- WORK INSTRUCTIONS: Once you reach the line containing "NGP6585 22mm - 22mm", return it and every line after it exactly, through the end of the records below, with no pictures.

- PROVIDED DATA:
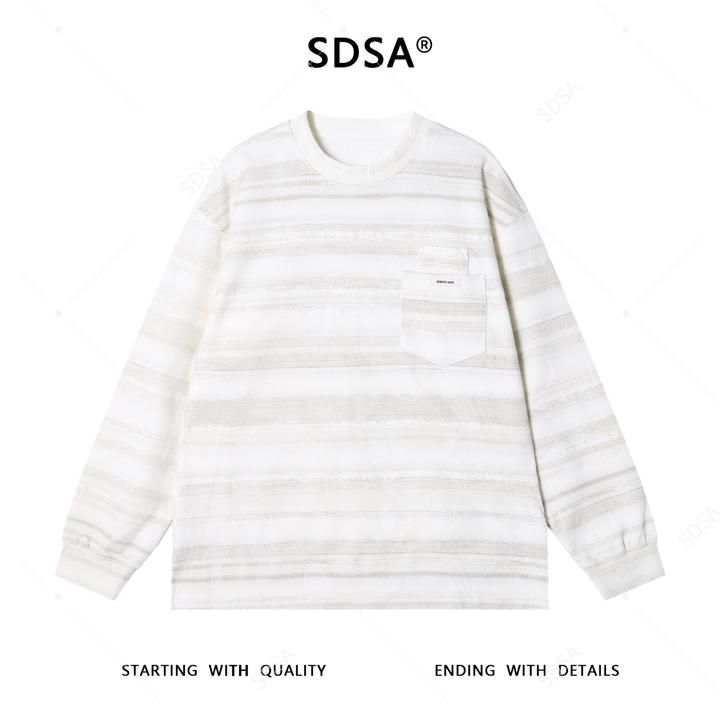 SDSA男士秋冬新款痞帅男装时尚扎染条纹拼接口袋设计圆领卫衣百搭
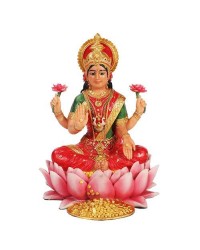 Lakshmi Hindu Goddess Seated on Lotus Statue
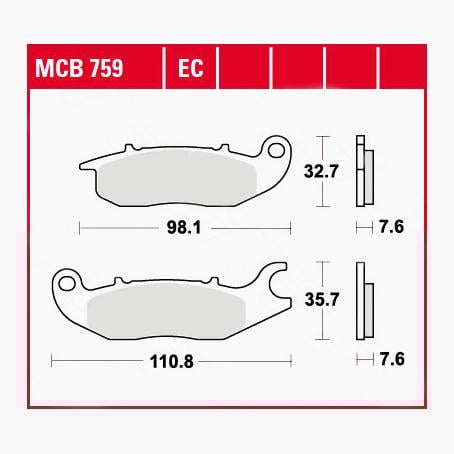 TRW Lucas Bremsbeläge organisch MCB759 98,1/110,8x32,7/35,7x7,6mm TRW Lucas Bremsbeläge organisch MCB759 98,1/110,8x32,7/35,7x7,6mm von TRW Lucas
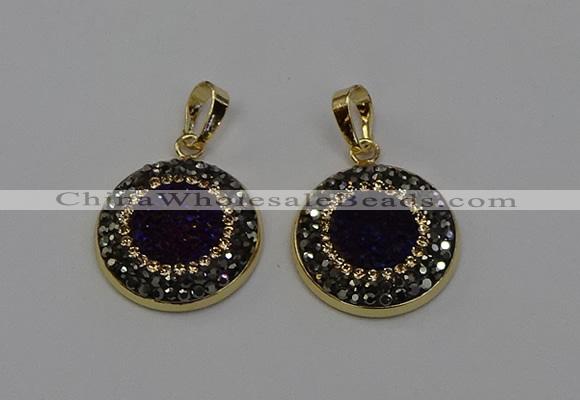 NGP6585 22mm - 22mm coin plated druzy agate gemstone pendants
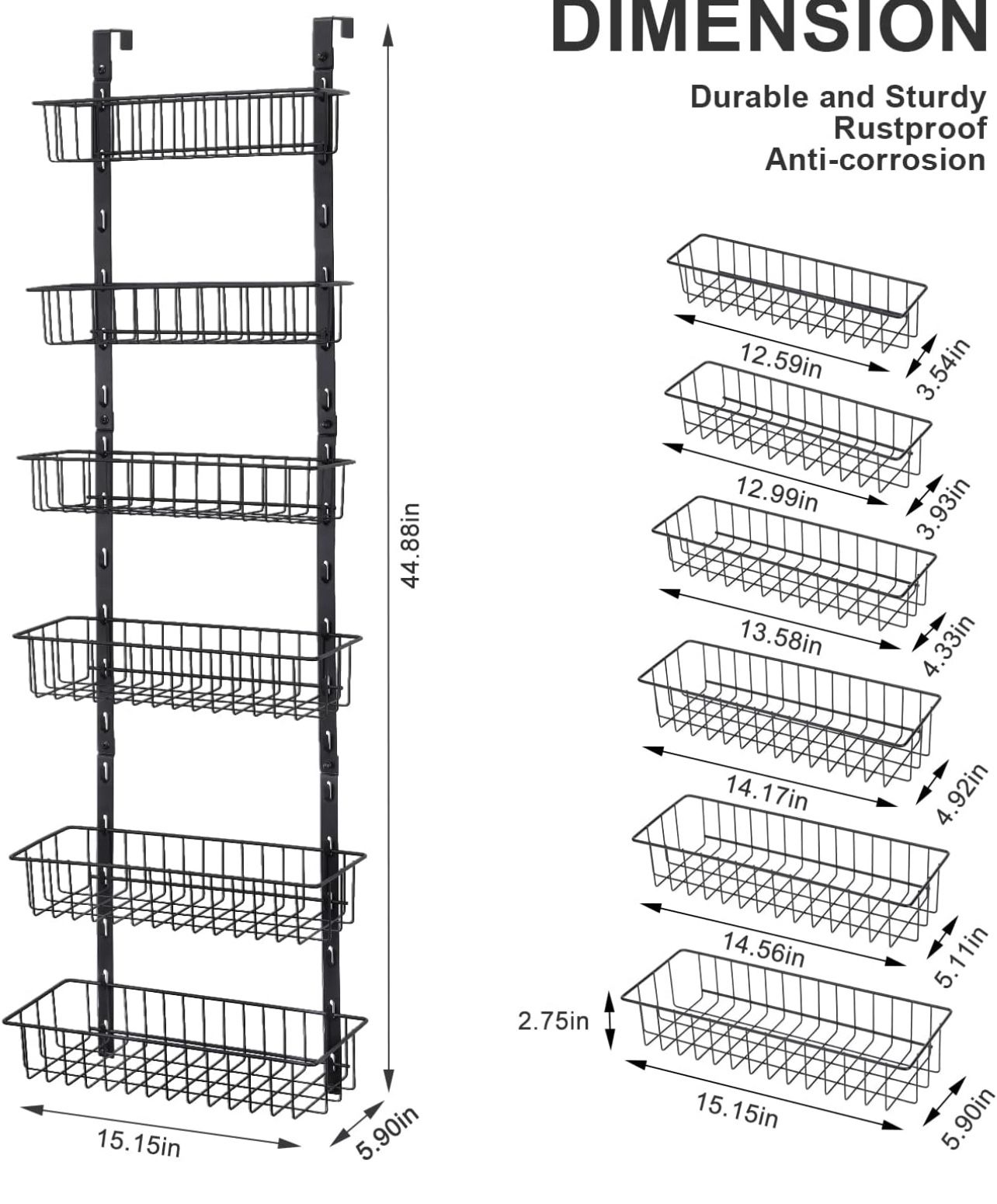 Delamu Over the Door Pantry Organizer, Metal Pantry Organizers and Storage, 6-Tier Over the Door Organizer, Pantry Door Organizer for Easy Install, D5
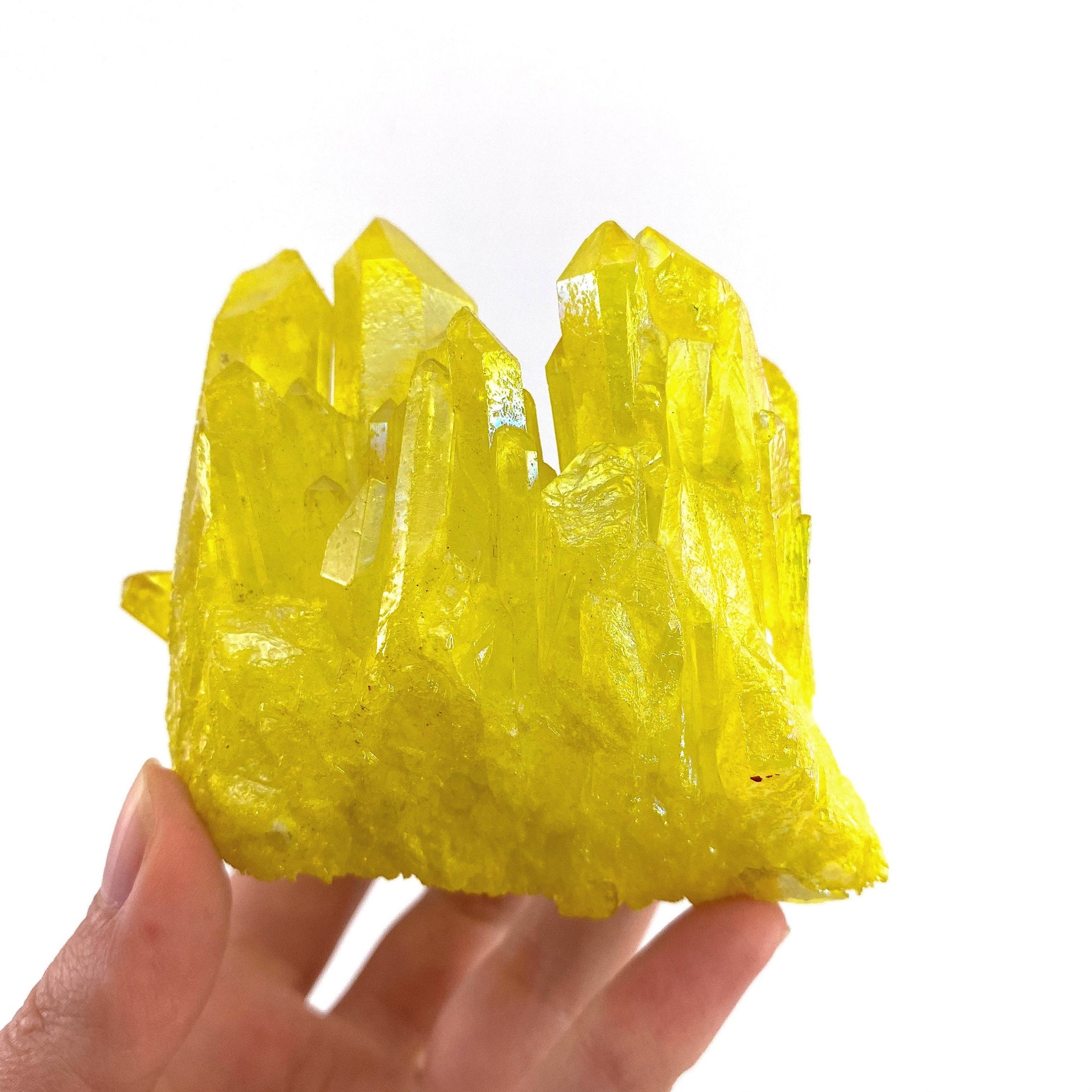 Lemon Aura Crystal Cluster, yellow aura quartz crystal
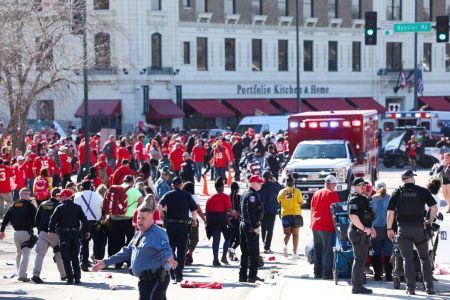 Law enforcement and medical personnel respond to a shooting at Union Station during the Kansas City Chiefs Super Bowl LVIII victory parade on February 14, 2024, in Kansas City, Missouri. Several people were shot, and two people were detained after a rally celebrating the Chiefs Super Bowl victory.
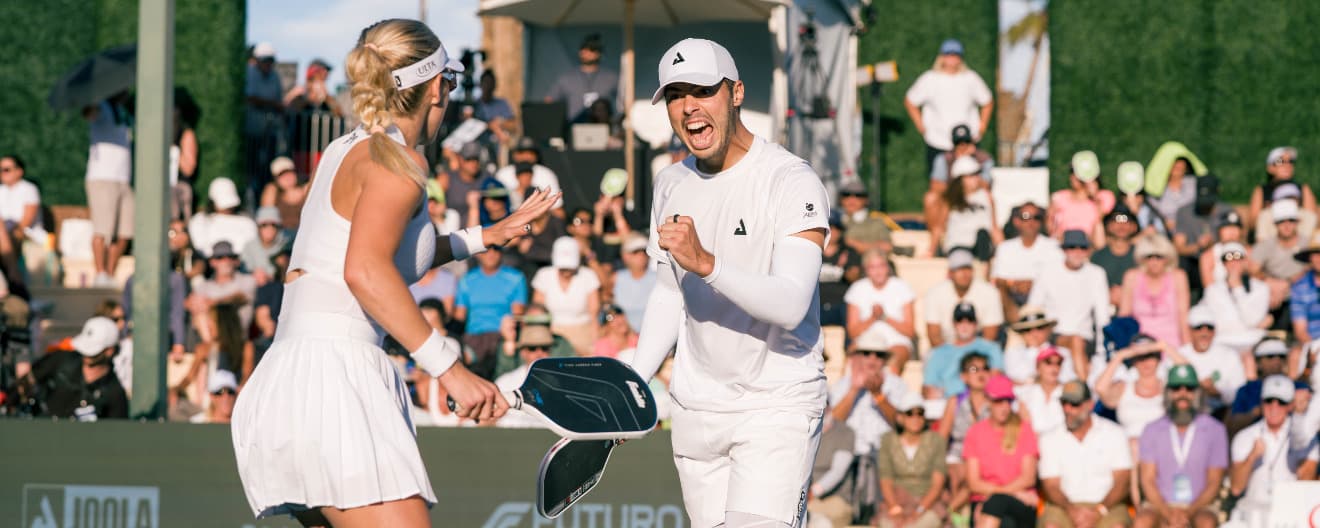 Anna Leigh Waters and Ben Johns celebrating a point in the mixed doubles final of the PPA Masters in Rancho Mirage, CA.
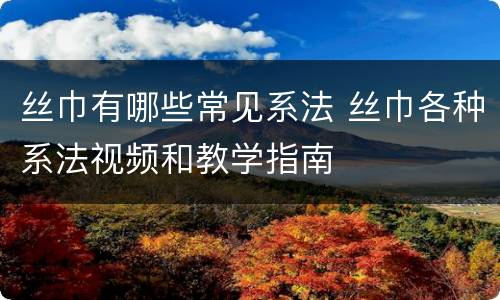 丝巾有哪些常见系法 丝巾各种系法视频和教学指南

- EXPECTED ANSWER:
 NGP6585 22mm - 22mm coin plated druzy agate gemstone pendants
 Delamu Over the Door Pantry Organizer, Metal Pantry Organizers and Storage, 6-Tier Over the Door Organizer, Pantry Door Organizer for Easy Install, D5
 Lemon Aura Crystal Cluster, yellow aura quartz crystal
 Law enforcement and medical personnel respond to a shooting at Union Station during the Kansas City Chiefs Super Bowl LVIII victory parade on February 14, 2024, in Kansas City, Missouri. Several people were shot, and two people were detained after a rally celebrating the Chiefs Super Bowl victory.
 Anna Leigh Waters and Ben Johns celebrating a point in the mixed doubles final of the PPA Masters in Rancho Mirage, CA.
 丝巾有哪些常见系法 丝巾各种系法视频和教学指南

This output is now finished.